Nel branco ci sono anche due donne, entrambe destinatarie dei domiciliari, legate da vincoli di parentela con due uomini del gruppo: si tratta della moglie e della compagna di due degli aggressori. Le vittime, accompagnate dall’operatrice anche lei aggredita e dalla presidente della comunità Mediterraneo, si sono recate il giorno dopo in questura per denunciare l’accaduto. Prima di questo, a fare scalpore era stato un altro episodio violento, anche questo a sfondo razzista, verificatosi sempre a Partinico a fine luglio: un cameriere di colore era stato picchiato e insultato perché nero. Un 19enne di origine senegalese circondato da un altro branco all’esterno del bar in cui lavorava.
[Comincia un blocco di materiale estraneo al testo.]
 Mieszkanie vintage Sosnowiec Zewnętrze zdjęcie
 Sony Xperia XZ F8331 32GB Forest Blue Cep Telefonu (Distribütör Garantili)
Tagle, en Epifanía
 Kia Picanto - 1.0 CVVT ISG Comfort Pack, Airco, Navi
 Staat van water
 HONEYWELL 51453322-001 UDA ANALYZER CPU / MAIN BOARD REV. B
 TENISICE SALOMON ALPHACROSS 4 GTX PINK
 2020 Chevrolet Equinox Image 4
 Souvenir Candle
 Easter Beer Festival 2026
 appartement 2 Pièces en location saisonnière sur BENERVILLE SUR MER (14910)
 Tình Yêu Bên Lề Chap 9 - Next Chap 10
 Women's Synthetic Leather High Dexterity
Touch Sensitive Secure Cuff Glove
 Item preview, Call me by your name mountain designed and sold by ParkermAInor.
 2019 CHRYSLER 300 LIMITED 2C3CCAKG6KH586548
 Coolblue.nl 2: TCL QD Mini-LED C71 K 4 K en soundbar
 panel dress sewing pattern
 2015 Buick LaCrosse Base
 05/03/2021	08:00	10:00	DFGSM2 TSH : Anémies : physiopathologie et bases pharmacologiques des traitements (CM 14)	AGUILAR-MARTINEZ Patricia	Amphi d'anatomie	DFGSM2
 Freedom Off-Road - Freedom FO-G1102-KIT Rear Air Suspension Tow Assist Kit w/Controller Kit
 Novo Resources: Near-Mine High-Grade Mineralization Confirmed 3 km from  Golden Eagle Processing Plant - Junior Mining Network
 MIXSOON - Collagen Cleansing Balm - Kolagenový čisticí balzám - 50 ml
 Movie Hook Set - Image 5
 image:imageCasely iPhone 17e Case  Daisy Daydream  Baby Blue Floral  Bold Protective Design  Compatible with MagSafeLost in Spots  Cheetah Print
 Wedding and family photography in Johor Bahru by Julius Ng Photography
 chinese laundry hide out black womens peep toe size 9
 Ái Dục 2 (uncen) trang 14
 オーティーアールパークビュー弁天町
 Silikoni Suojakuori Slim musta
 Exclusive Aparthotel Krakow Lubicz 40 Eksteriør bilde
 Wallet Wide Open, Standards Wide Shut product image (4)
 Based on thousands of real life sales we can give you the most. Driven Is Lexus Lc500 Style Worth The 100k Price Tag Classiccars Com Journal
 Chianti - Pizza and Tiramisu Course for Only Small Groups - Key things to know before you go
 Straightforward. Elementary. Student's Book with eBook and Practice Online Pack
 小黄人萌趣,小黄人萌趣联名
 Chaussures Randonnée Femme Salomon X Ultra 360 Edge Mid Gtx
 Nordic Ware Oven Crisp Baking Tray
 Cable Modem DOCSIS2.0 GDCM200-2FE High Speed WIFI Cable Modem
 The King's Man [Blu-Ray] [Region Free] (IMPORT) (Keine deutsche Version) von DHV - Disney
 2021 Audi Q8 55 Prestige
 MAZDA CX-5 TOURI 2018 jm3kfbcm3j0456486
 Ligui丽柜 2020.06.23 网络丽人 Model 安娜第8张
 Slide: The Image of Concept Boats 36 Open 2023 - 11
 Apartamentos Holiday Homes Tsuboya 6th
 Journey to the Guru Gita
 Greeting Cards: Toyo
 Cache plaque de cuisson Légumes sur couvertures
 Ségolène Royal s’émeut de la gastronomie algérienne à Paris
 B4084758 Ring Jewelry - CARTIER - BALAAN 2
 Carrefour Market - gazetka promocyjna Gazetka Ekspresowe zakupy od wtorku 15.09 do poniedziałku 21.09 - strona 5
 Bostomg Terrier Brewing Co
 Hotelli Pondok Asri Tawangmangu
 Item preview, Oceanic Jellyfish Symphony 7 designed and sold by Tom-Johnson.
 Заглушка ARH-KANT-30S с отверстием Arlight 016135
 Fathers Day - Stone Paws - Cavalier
Ma a Partinico c’è un emergenza razzismo? «La cifra comune di questi ultimi due episodi è la subcultura che contraddistingue i responsabili, la cornice culturale, che chiaramente non è da applicare tout court al Comune di Partinico, ma a una fetta della popolazione, e che ha certamente creato le condizioni affinché una serie di convinzioni sbagliate e condannabili maturassero e prendessero forma, trasformandosi poi in queste aggressioni», commenta ancora il capitano Pisano.

«L’aggressione, per come è stata ricostruita sulla base delle dichiarazioni rese delle vittime, è stata oltre che prolungata, anche se distinta in due tempi, feroce. E anche le conseguenze che ha portato sono immaginabili, vista l’intensità dei colpi sferrati e degli strumenti utilizzati contro questi ragazzi». Il gip di Palermo, infatti, ha contestato le ipotesi di reato aggravandole anche tenendo conto della minorata difesa dei ragazzi: si guarda insomma non solo al numero degli aggressori, che è andato aumentando dalla spiaggia alla strada, ma anche agli oggetti usati per la spedizione punitiva. «Non sappiamo come fossero allestite le macchine, visto che l’aggressione è stata in due tempi, non sappiamo se le avessero già con sé da prima o se le spranghe sono state prese dopo», spiega. Si è parlato anche di una pistola, però. Ne hanno parlato i ragazzi durante la denuncia e il racconto di alcuni testimoni ha messo in evidenza che, per lo meno, ci sarebbe stata la minaccia di tirare fuori l’arma, che però non è stata ritrovata durante le perquisizioni.

A colpire, di questa vicenda, non è solo la brutalità e la futilità da cui è partita. Ma anche il range estremamente vario di età che contraddistingue il branco di Partinico. Un ventaglio che va infatti dai 26 ai 60 anni. Non solo ragazzini, insomma. Anzi. La maggior parte legati da vincoli di parentela. E poi c’è un altro dettaglio che completa il quadro: «Praticamente tutti hanno precedenti di polizia, uno di questi era anche sottoposto alla misura della sorveglianza speciale, altri erano già stati sottoposti a misure di prevenzione dello stesso tipo, quindi,  parliamo di un contesto di subcultura e realtà criminali, per quanto spicciole, che hanno portato a questo».

Aggiornamento 17.28

Oltre ai sette arrestati (tre ai domiciliari tra cui due donne) nell’inchiesta sul pestaggio di migranti a Ferragosto sulla spiaggia di Trappeto e poi a Partinico è indagata anche un’altra donna di 28 anni per lesioni alle giovani vittime.